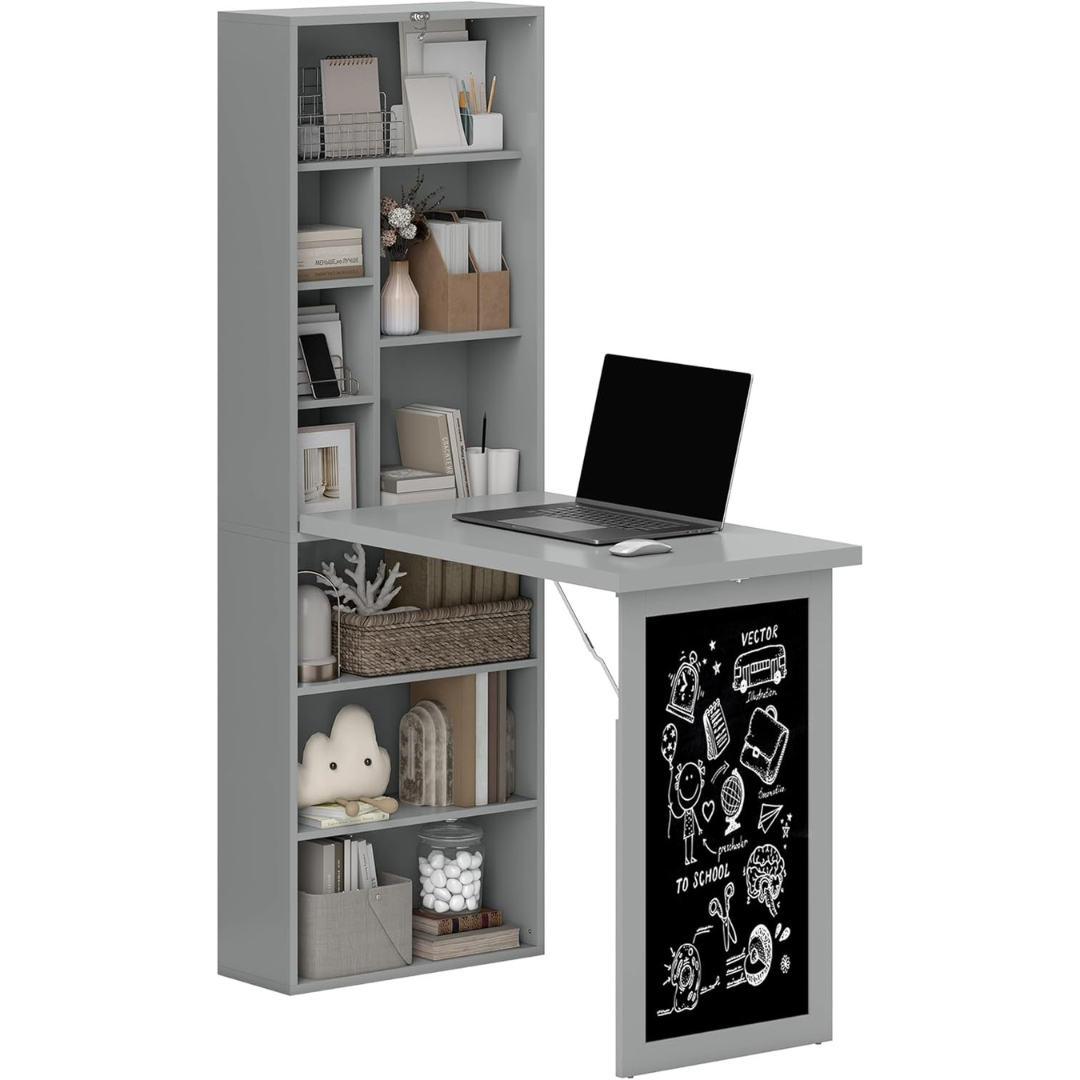 Fold-Out Convertible Writing Table-Aldronix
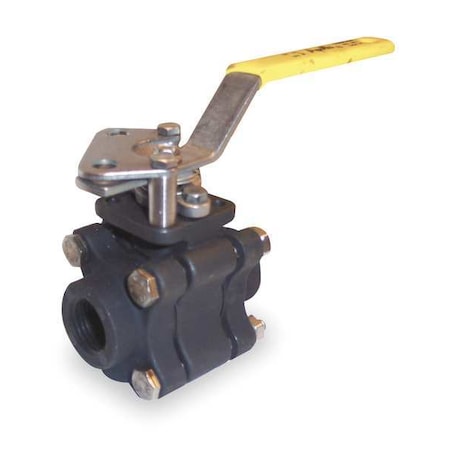 Ball Valve,3/4" Pipe,Graphite Body Seal
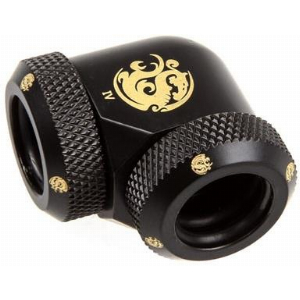 BITSPOWER CARBON BLACK ENHANCE 90-DEGREE DUAL MULTI-LINK ADAPTER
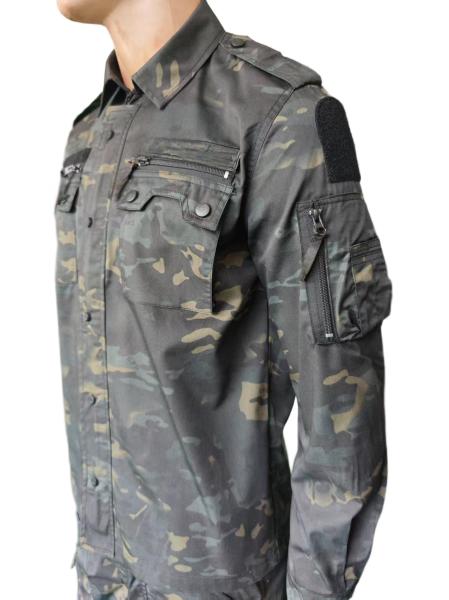 Poly Cotton Lightweight Uniform Set Night Pattern Camo Jacket and Trousers Waterproof Breathable Military Uniform Clothing For Soldiers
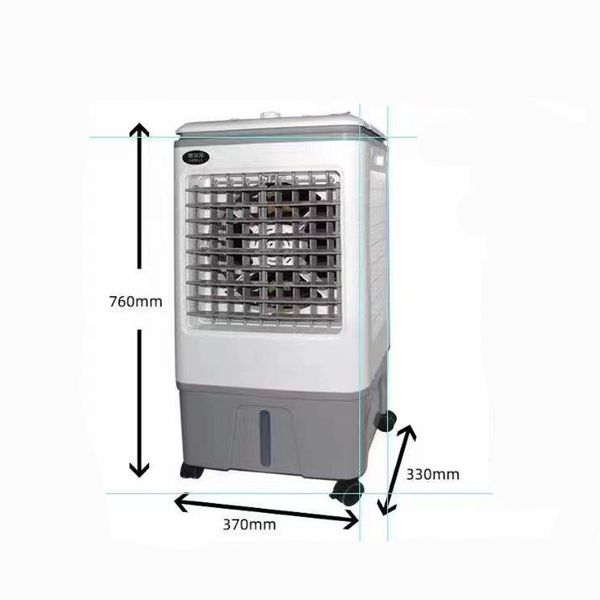 

other home & garden cold fan mobile air-conditioning refrigeration fan household remote control water-cooled air single coldwater conditione
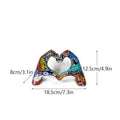 DecorBites™ Love Gesture Sculptures - Heart Hand Pop Art Figurines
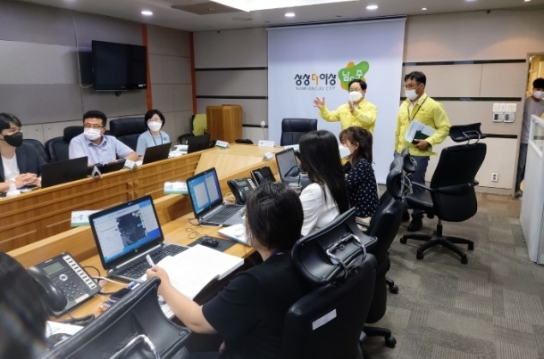 주광덕 남양주시장, 휴가 중 복귀해 수해 현장 점검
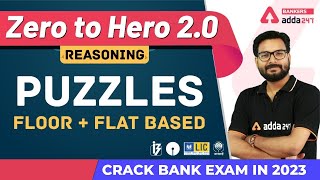 PUZZLES Floor  Flat Based  Reasoning  Banking Foundation Adda247 Class29 [upl. by Attenohs192]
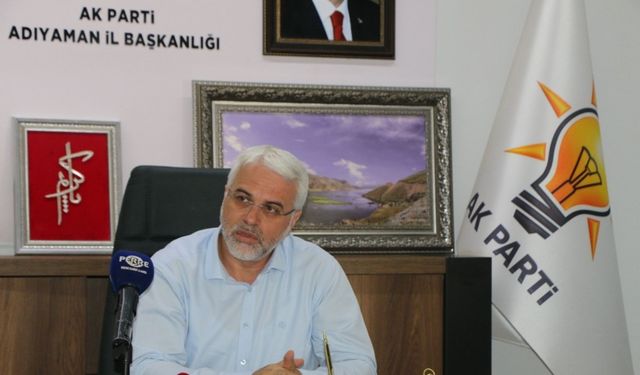 AK Parti İl Başkanı Kablan: 'Çarşı projesi Adıyaman’ın geleceğini şekillendirecek'  - Videolu Haber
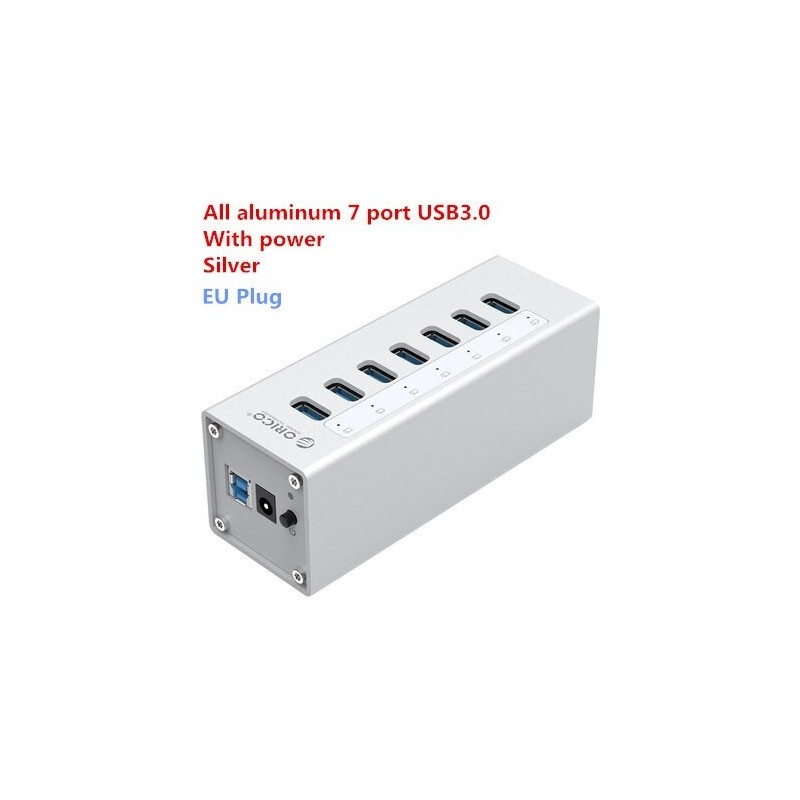 Orico A3H7 A3H10 A3H4 - aluminum high-speed splitter - 7-port - USB 3.0Hubs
·····
» DESCRIPTION OF THE TASK
The whole listing above must be set down again exactly, but without its images.

» RESULT OF THIS TASK
 Fold-Out Convertible Writing Table-Aldronix
 Ball Valve,3/4" Pipe,Graphite Body Seal
 BITSPOWER CARBON BLACK ENHANCE 90-DEGREE DUAL MULTI-LINK ADAPTER
 Poly Cotton Lightweight Uniform Set Night Pattern Camo Jacket and Trousers Waterproof Breathable Military Uniform Clothing For Soldiers

other home & garden cold fan mobile air-conditioning refrigeration fan household remote control water-cooled air single coldwater conditione
 DecorBites™ Love Gesture Sculptures - Heart Hand Pop Art Figurines
 주광덕 남양주시장, 휴가 중 복귀해 수해 현장 점검
 PUZZLES Floor  Flat Based  Reasoning  Banking Foundation Adda247 Class29 [upl. by Attenohs192]
 AK Parti İl Başkanı Kablan: 'Çarşı projesi Adıyaman’ın geleceğini şekillendirecek'  - Videolu Haber
 Orico A3H7 A3H10 A3H4 - aluminum high-speed splitter - 7-port - USB 3.0Hubs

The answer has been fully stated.